Methods: We initiated a cross-sectional study of HIV specific CTL responses to peptide pools in 9 HIV infected children on HAART, ages 3-14.5 yrs. We included 5 children with prolonged suppression of plasma HIV RNA (< 50 copies/ml) for 3 to 6 yrs as compared to 4 children with persistent viremia (mean HIV RNA 279,795 copies/ml) despite HAART. Nonspecifically expanded CD8+ PBMC from HIV-infected children were tested in ELISpot assays using overlapping peptides in screening HIV peptide pools of 16 peptides or less. Standard ELISpot assays measuring IFN-gamma production were performed and then analyzed with computer image analysis by an ELISpot reader (CTL Technologies). Cells without peptide and phytohemagglutinin stimulated cells served as negative and positive controls.

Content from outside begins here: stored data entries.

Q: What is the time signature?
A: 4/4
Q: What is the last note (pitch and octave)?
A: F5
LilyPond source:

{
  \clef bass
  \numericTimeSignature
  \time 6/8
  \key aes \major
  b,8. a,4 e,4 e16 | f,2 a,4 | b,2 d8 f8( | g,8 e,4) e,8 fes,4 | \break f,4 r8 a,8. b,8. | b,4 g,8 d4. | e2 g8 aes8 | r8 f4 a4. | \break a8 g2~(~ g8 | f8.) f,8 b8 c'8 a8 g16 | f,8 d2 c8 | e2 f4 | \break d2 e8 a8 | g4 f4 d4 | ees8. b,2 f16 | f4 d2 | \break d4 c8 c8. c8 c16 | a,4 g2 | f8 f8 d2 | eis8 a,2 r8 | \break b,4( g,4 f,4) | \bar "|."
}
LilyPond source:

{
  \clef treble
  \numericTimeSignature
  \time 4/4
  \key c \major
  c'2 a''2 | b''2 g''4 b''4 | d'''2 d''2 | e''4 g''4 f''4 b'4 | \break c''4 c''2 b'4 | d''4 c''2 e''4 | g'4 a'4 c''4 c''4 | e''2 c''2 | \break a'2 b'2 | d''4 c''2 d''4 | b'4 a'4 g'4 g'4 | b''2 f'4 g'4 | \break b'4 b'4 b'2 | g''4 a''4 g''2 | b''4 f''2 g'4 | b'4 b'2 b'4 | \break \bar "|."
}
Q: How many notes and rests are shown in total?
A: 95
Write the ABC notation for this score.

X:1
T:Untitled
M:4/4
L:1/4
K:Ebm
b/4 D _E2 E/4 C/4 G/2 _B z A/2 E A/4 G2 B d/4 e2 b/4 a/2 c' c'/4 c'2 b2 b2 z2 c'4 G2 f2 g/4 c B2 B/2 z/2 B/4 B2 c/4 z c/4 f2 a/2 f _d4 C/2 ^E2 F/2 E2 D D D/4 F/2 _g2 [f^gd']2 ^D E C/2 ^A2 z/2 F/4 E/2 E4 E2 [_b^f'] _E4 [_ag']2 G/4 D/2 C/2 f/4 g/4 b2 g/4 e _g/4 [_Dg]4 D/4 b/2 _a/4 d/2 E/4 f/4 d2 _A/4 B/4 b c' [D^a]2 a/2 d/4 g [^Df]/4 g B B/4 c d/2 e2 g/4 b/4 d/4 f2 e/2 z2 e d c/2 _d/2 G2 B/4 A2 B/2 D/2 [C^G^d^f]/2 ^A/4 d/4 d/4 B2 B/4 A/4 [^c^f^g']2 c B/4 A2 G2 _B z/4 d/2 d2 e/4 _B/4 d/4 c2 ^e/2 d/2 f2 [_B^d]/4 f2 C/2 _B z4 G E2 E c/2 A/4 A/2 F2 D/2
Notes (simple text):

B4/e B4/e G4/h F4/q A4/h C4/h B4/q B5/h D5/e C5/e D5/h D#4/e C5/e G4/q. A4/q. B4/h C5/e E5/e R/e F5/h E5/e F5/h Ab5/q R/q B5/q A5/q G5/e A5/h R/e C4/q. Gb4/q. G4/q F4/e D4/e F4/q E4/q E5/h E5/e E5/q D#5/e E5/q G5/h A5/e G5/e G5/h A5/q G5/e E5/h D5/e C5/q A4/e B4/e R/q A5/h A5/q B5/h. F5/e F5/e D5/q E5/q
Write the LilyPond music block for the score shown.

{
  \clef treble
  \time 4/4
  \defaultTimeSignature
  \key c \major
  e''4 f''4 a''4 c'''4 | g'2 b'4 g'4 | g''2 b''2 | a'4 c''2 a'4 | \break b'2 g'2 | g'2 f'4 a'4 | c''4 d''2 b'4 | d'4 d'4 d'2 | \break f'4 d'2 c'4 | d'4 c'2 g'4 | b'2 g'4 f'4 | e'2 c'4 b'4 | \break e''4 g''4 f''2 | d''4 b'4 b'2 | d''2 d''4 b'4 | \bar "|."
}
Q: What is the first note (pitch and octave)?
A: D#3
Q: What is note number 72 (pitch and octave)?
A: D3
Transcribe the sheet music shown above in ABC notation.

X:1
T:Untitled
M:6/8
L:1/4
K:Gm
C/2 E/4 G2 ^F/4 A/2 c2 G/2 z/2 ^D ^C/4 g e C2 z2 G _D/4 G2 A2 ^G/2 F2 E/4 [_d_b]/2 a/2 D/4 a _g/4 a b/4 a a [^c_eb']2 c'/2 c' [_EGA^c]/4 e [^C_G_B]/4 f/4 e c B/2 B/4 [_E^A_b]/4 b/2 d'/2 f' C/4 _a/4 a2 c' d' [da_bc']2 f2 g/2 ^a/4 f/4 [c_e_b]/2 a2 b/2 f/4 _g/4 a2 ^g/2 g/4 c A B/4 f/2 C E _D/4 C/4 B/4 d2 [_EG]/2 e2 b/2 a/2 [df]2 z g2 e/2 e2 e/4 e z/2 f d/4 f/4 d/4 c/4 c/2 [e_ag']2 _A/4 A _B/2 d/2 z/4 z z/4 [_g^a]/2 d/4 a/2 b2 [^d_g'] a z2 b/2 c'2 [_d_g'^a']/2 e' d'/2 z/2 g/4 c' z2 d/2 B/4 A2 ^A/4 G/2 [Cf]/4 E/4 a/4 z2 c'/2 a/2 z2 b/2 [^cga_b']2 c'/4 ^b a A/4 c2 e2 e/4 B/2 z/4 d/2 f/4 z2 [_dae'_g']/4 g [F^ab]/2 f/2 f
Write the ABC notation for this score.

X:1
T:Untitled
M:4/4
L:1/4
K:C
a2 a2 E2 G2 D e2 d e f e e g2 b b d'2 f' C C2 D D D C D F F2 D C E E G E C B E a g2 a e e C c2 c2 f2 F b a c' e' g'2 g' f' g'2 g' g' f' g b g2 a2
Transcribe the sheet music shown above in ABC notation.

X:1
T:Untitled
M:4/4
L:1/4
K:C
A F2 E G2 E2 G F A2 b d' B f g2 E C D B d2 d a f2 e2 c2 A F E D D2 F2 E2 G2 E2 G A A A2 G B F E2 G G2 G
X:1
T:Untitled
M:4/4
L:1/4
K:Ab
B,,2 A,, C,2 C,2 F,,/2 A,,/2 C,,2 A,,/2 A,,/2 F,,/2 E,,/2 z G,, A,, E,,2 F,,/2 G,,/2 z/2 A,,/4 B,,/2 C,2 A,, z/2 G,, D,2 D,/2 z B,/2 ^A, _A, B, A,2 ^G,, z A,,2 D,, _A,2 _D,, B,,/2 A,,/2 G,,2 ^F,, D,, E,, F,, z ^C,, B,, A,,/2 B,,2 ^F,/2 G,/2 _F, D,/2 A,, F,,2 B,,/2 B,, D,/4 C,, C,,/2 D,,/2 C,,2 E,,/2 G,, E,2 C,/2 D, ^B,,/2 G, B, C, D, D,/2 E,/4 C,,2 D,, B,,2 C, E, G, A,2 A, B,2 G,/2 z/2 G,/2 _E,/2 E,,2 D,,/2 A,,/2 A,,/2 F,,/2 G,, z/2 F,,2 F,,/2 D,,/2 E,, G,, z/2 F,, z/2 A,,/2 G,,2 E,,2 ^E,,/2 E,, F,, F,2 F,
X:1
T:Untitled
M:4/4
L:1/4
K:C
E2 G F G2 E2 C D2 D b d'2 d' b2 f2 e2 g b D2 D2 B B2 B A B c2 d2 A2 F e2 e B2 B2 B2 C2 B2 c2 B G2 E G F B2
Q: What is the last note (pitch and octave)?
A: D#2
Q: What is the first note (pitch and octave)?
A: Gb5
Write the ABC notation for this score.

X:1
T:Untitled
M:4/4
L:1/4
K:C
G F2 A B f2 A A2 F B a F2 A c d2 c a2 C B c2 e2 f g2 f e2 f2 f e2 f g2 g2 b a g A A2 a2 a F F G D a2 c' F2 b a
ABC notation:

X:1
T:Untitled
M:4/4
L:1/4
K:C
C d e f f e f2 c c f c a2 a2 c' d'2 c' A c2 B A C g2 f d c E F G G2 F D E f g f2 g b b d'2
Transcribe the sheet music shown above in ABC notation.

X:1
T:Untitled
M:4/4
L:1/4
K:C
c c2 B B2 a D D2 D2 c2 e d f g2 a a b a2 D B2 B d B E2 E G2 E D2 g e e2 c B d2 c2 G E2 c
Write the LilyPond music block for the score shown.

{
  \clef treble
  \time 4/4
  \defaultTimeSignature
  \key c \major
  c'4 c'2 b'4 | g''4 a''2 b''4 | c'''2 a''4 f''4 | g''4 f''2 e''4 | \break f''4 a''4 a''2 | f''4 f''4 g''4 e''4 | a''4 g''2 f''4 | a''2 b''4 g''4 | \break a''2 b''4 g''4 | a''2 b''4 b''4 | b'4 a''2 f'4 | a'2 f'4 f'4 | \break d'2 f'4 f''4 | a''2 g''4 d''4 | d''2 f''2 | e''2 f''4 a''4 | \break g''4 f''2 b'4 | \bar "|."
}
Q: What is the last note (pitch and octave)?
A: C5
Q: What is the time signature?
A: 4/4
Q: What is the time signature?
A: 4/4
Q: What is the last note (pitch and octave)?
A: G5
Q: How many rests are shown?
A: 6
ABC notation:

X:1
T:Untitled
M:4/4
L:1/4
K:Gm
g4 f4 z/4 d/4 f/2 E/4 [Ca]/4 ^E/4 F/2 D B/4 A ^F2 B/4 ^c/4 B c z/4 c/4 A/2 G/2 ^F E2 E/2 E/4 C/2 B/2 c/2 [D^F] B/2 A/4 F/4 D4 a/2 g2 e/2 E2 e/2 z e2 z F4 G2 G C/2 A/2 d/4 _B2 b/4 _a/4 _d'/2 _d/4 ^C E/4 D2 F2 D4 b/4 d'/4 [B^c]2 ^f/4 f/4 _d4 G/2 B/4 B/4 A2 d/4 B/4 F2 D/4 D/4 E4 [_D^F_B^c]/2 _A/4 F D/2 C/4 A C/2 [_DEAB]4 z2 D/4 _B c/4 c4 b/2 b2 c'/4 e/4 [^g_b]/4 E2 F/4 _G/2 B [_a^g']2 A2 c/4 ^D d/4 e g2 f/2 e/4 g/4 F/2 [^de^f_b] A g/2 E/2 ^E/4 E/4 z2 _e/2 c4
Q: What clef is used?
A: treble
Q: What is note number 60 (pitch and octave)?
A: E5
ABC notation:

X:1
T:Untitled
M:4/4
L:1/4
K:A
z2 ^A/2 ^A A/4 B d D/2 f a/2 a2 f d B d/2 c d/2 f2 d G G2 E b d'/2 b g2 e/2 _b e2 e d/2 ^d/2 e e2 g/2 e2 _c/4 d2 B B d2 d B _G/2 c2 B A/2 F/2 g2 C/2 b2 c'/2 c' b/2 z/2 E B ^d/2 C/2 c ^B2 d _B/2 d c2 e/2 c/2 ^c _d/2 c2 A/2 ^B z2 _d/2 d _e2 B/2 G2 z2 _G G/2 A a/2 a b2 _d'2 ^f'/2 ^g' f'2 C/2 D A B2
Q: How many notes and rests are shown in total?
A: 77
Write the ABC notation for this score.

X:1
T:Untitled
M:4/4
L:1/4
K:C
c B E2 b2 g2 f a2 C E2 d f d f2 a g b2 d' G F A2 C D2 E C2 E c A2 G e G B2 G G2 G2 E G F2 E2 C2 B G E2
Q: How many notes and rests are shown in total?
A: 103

Results: Overall, we detected HIV specific CTL responses to HIV epitopes in 7/9 patients; 4/4 children with persistent viremia had HIV specific CTL response to 2-4 peptide pools, including nef, pol, env, gag, nef, rev and vpr. In contrast, 5/5 children with prolonged viral suppression of plasma had a decreased response to HIV CTL peptide pools. Two (2) children had no detectable response, and 3 had a response to only 1 or 2 peptide pools (pol, env, and nef).
Conclusions: We were able to detect HIV-specific CTL epitope responses in the majority of children on HAART 7/9 (77%). These responses differed by degree of viral suppression. Active viral replication may be necessary to maintain a detectable CTL response. Further prospective studies will be necessary to evaluate CTL responses overtime in children on HAART.